Small form factor, high performance laser optics

  • 1310nm lever-latch SFP laser transceiver
  • Real-time indication of fiber optic health
  • Single/Multi-mode conversion available

Global alarm

This feature is provided on both the 2C31 and 2C32. The global alarm is unique because it is passed between all modules. A set of relay contacts is provided on every module and will close in an alarm condition. As a result, only one module needs to be connected to a remote alarm to alert when a fault has occurred. There are three fault conditions that set the global alarm:

  • Power alarm: one or both power inputs are not between the specified input voltage or one has failed completely. The alarm is supported by two local LEDs and two remote screw terminal connections.
  • Fiber alarm: no data is received at a fiber port. Both fiber ports have an independent remote alarm. This condition is accessed by two local LEDs and two remote screw terminal connections.
  • Link alarm: no data is received at the link port (Model 2C32 only). The alarm is supported by a local LED and a remote screw terminal connector.

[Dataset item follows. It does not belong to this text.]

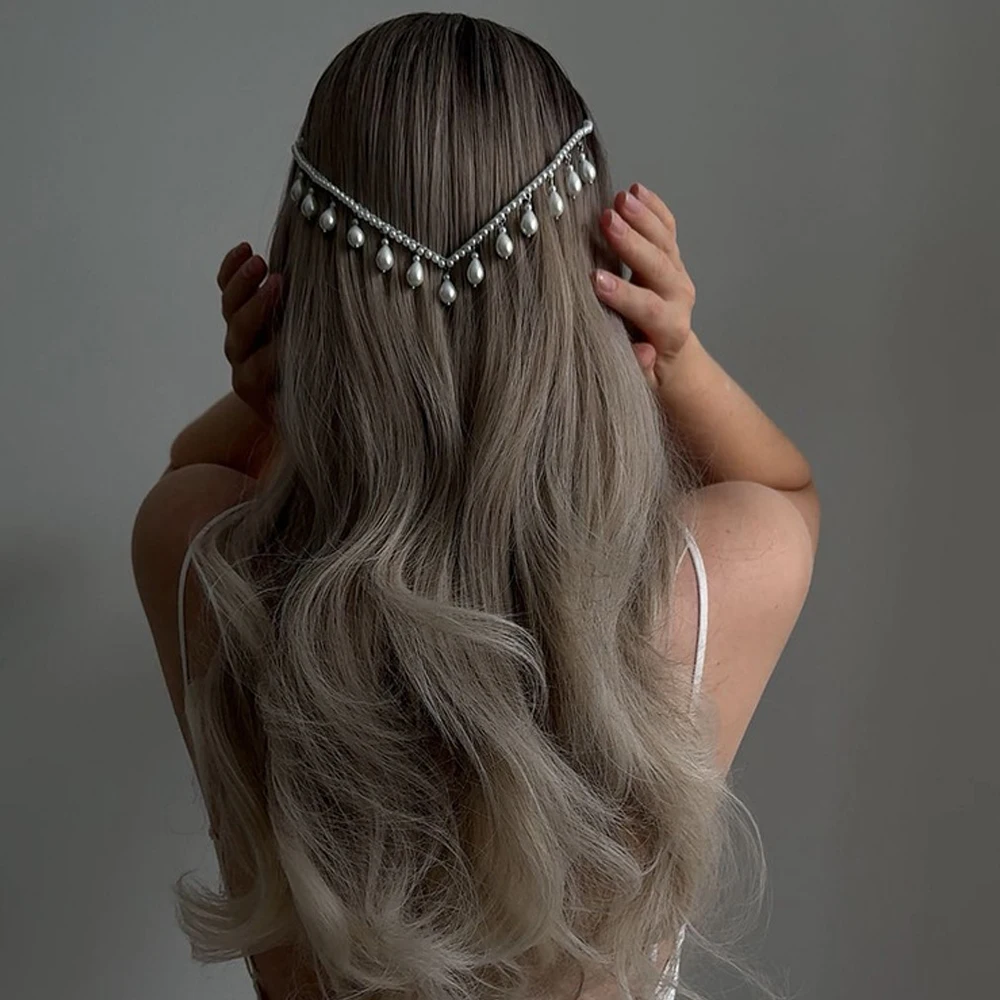 موضة اللؤلؤ شرابة V شكل خوذة مشط الزفاف إكسسوارات الشعر 2025 اليدوية الهندي الزفاف رئيس سلسلة كليب للنساء هدية #1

Global ring failure alarm with comprehensive diagnostics

  • Indicator and relay monitor
  • Four additional alarm relay outputs
  • Minimizes downtime

Compact enclosure

  • Reduced installation space required
  • Stand alone 35 mm DIN-rail mounting

Power input quality

Continuous monitoring of the power input is crucial when redundant communications are required. Loss of power can isolate a node and sever communication of important applications running on your network. To help insure your network against this type of node isolation, two power inputs are provided on each self-healing ring module. The module alerts you if power falls outside the proper voltage range (+15 to 30VDC) on one or both power inputs.

Relay contacts are provided for each power input and will close in the alarm condition. LEDs on each unit will also turn red which allows maintenance personnel to quickly isolate the source of the problem. A power alarm is one of three fault conditions that will set a global alarm.

Optical fiber fault

Fiber is used to create a physical link between all self-healing ring modules. A fiber ring provides a redundant path of communication in case a fiber fails or is broken. To continue to insure this redundancy it is very important to keep this ring intact. Data on the optical fiber lines is constantly monitored by the module. If a fiber fails to transfer light or is broken an alarm is instantly activated.

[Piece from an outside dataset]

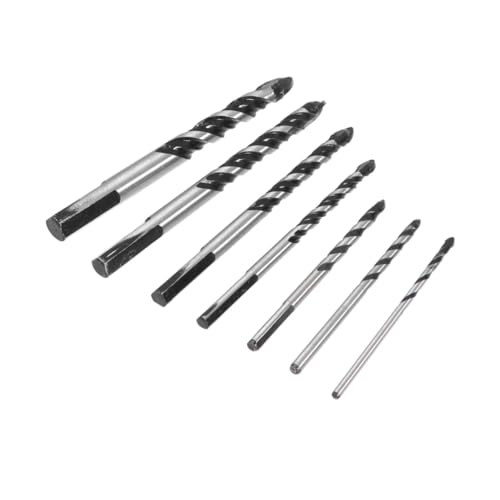 Hoement 7 Stück Teiliges Glasbohrer set mit Keramik Fliesenbohrern Geschärfte Spitzen für Glas Spiegel Keramik Verstärkte Köpfe für Längere Lebensdauer Kompatibel mit Hand von Hoement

A set of relay contacts is provided for each optical receiver and will close in the alarm condition. Local identification of the source of the fiber failure is simple since there is a red LED indicator for each of the optical fiber ports. A fiber alarm is one of the three fault conditions that will set a global alarm.

4-20mA output

The 4-20mA output is a diagnostic interface that measures the light intensity at the receiver input of each of the fiber ports and converts it into an analog output. At 4mA there is no light received indicating bad or broken fiber. As the power or light intensity increases this measurement moves toward 20mA. These outputs are easily accessed at a terminal block connector on the front of each module. This important feature allows for real-time analysis of fiber signal strength to identify deteriorating fiber conditions and make replacements before a failure occurs.

The 4-20mA output is also a useful tool during installation since it can be read via a handheld meter and will provide an indication of signal strength. This helps in finding loose or faulty connections and locating bad fiber links.